SİSTEMATİK İŞKENCE GÖRÜLMEDİ

Sanığın, mağdur İsa Büyükesen, Kazım Kızgı, Enes Çelik ve Yusuf Kural'a yönelik eylemlere ilişkin gerekçeli kararda şu ifadelere yer verildi: "Savunma, mağdur ve tanık anlatımları, olay tutanakları, suçların işlendiği yerlerin özellikleri, sanığın olaydaki sıfatı ve konumu ve dosyadaki diğer kanıtlar incelenip değerlendirildiğinde sanığın İsa Büyükesen'e yönelik olarak kepini düzelttiği sırada avuç içi ile kafasına bir kez vurmak eylemini işlediği, Yusuf Kural'a yönelik olarak yatağının bozuk olması ve sakal tıraşı olmaması gerekçesi ile tokat ve yumruk ile iki üç kez vurmak suretiyle bir kez yaralama suçunu işlediği, Mağdur Enes Çelik'e yönelik olarak sebepsiz olarak yatağını iyi düzeltmediği gerekçesi ile kafasına yumruk atmak suretiyle bir kez yaralama eyleminde bulunduğu, Mağdur Kazım Kızgı'ya yönelik olarak 25/07/2011 tarihinde aynı mağdura yönelik spor yapamadığı gerekçesi ile kafa ve göğsüne vurmak suretiyle bir kez kasten yaralama eyleminde bulunduğu bu itibarla dört ayrı mağdura karşı kasten yaralama eylemlerini yerine getirdiği kamu görevi nedeniyle gerçekleştirdiği vicdani sonuç ve kanaatine varılarak dört kez cezalandırılması gerekmiştir. Cezanın şahsileştirilmesi sırasında suçun işleniş biçimi, işlenmesindeki özellikler, sanığın amaç ve saiki, suçun işlendiği yer ve zaman, meydana gelen tehlike ve zararın ağırlığı, suçun işleniş özelliği itibariyle kastının yoğunluğu nazara alınarak alt sınırdan uzaklaşılması gerekmiş, mağdurların sanığa karşı herhangi bir eylemleri söz konusu olmadığından tahrik indirimi yapılmamıştır."

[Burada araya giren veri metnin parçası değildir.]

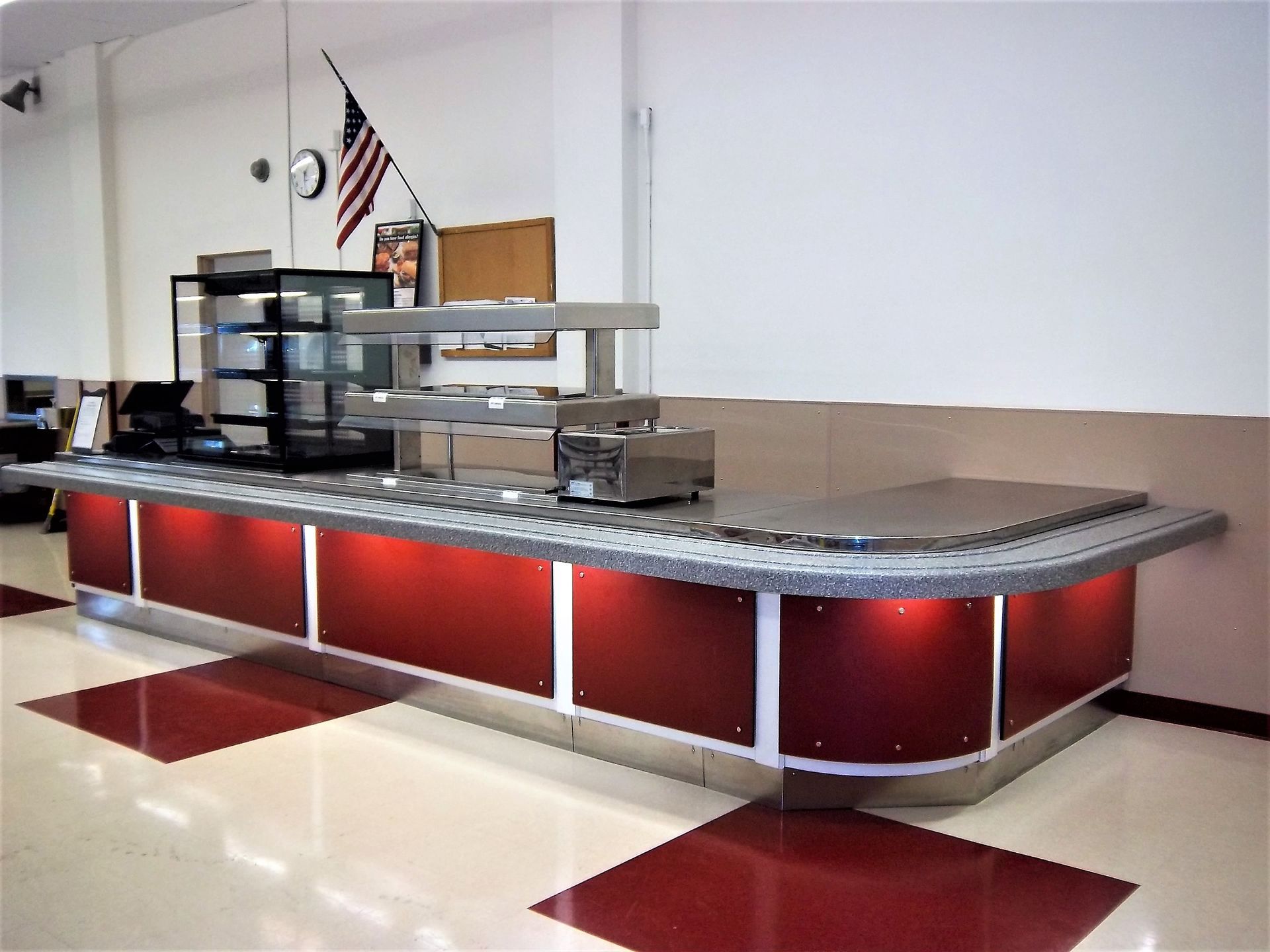 A modern food service counter with red panels and stainless steel fixtures, set in a brightly lit indoor space.
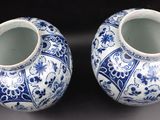 pair of blue and white vases sitting on top of a table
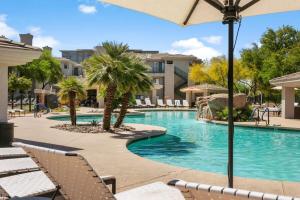 a swimming pool with chairs and an umbrella at CozySuites Oasis at Kierland Commons in Scottsdale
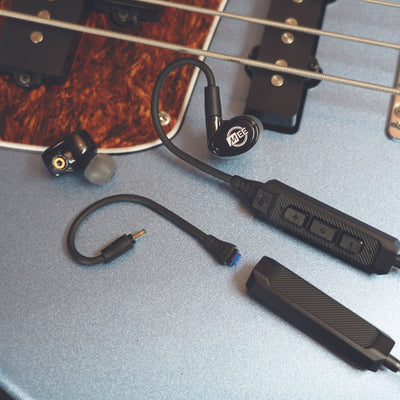 Black MEE audio MX2 PRO Musicians' In-Ear Monitors and a BT3 Hi-Res Bluetooth Audio Adapter displayed on a guitar.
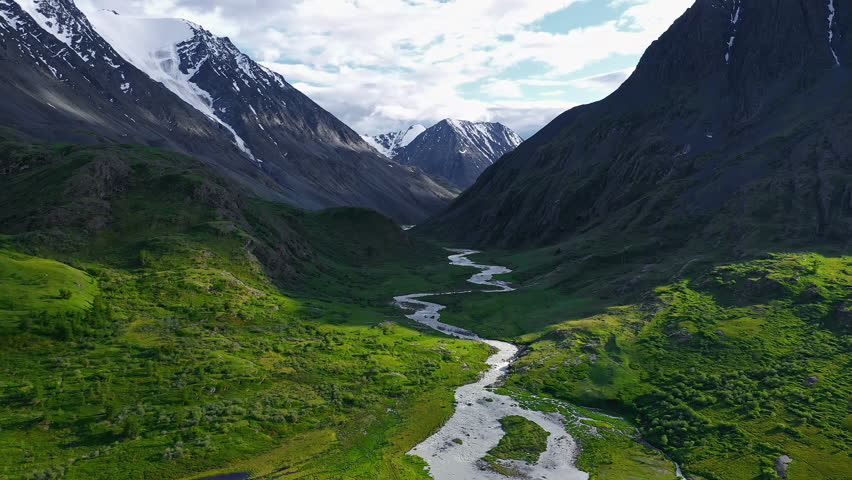 Meandering river flows through a lush green valley between high mountains with snow-capped peaks under a partly cloudy sunny sky. The dramatic landscape combines vibrant greenery, flowing water, and
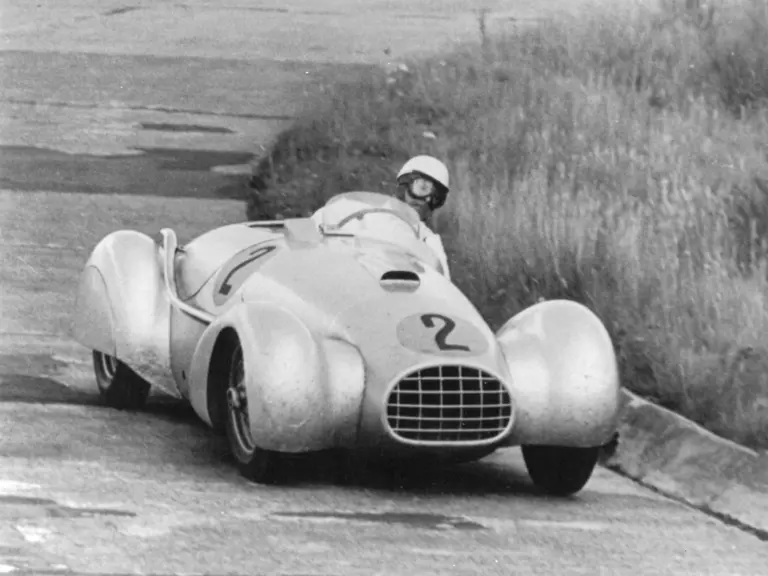 Captured here in its two-seater body configured with removable cycle-wings, Ulmen drove the Grossmutter to 2nd place finish at the 1952 ADAC Eifelrennen.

Kantar ailesi ve Türkiye İnsan Hakları Vakfı adına dosyayı takip eden Avukat Senem Doğanoğlu ve TİHV Diyarbakır Temsilcisi Avukat Barış Yavuz, yerel mahkemenin kararına karşı Antep Bölge Adliye Mahkemesi’ne istinaf talebinde bulundu.

DAVA HAKKINDA

Uğur Kantar, Kıbrıs'ta zorunlu askerlik yaparken 25 Temmuz 2011'de "Disko" olarak ifade edilen disiplin koğuşunda ağır işkence görmüştü. Gardiyanların saatlerce dövdüğü, susuz bıraktığı, tuvalete gitmesine izin vermediği Kantar, elleri kelepçeli şekilde güneşin altında bekletildikten sonra fenalaşınca hastaneye kaldırılmıştı. Girne Askeri Hastanesi’nden Ankara’daki Gülhane Askeri Tıp Akademisi'ne (GATA) sevk edilen Kantar, 12 Ekim 2011’de hayatını kaybetmişti. Kantar’ın ölümünden sorumlu tutulan disiplin koğuşunda gardiyan olarak görev yapan Piyade Çavuş Ayhan Arslan ve Piyade Çavuş Fırat Keser hakkında, "Ağır işkence", Piyade Çavuş Recep Tekin "Basit yaralama" ve Cezaevi Müdürü Astsubay Ayhan Şentürk hakkında ise "İhmal suretiyle görevi kötüye kullanmak" suçundan dava açılmıştı. Kantar’ı dövdükten sonra sandalyeye kelepçeleyerek güneşin altında bekletmek suretiyle işkence yapmakla suçlanan sanıklar Arslan ve Keser, Kıbrıs Türk Barış Kuvvetleri Komutanlığı Askeri Mahkemesi’nce 21 Mart 2014’te görülen duruşmada serbest bırakıldı.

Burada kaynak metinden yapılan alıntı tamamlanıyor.